**Dataset:**
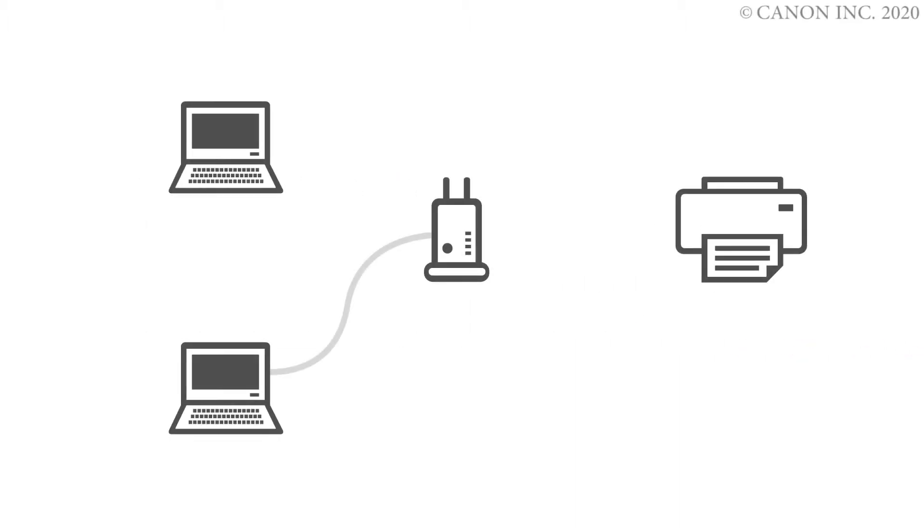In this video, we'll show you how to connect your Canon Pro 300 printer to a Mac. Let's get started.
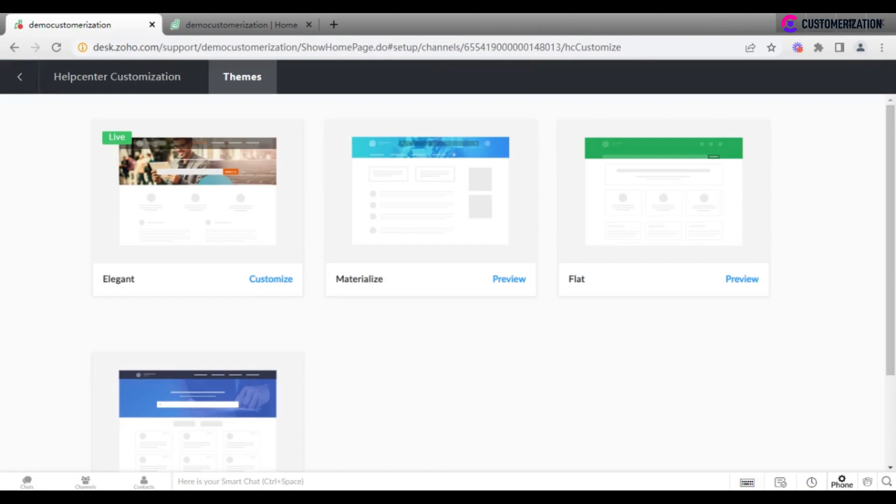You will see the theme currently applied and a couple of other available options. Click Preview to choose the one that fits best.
* * *
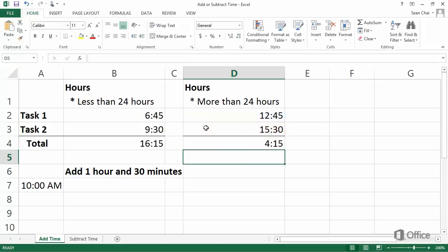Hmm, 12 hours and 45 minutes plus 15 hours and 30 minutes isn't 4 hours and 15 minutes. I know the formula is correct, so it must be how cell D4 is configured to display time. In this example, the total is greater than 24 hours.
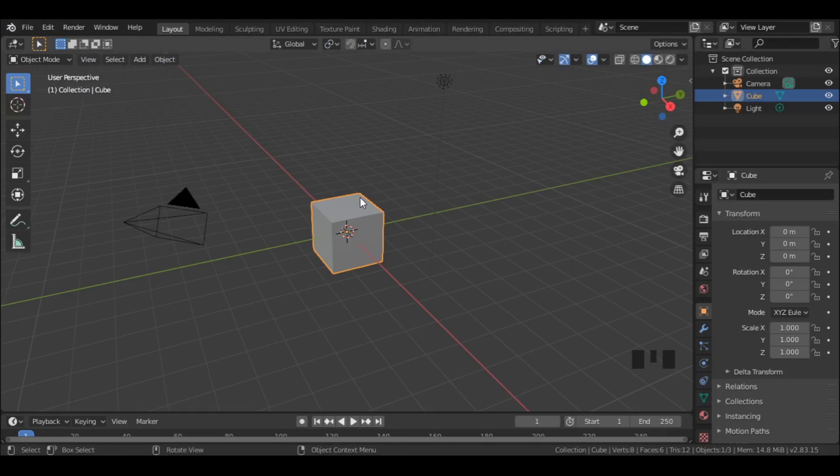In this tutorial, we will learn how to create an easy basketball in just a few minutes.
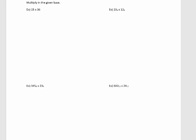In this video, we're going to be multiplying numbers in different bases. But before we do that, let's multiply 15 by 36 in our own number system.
==
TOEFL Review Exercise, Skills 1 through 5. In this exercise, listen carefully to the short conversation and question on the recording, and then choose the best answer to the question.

**Task instructions:** Output only the stretch above from the line with "Hmm, 12 hours" through the line with "In this video, we're", reproduced exactly. Exclude pictures.

**Solution for this exercise:**
Hmm, 12 hours and 45 minutes plus 15 hours and 30 minutes isn't 4 hours and 15 minutes. I know the formula is correct, so it must be how cell D4 is configured to display time. In this example, the total is greater than 24 hours.
In this tutorial, we will learn how to create an easy basketball in just a few minutes.
In this video, we're going to be multiplying numbers in different bases. But before we do that, let's multiply 15 by 36 in our own number system.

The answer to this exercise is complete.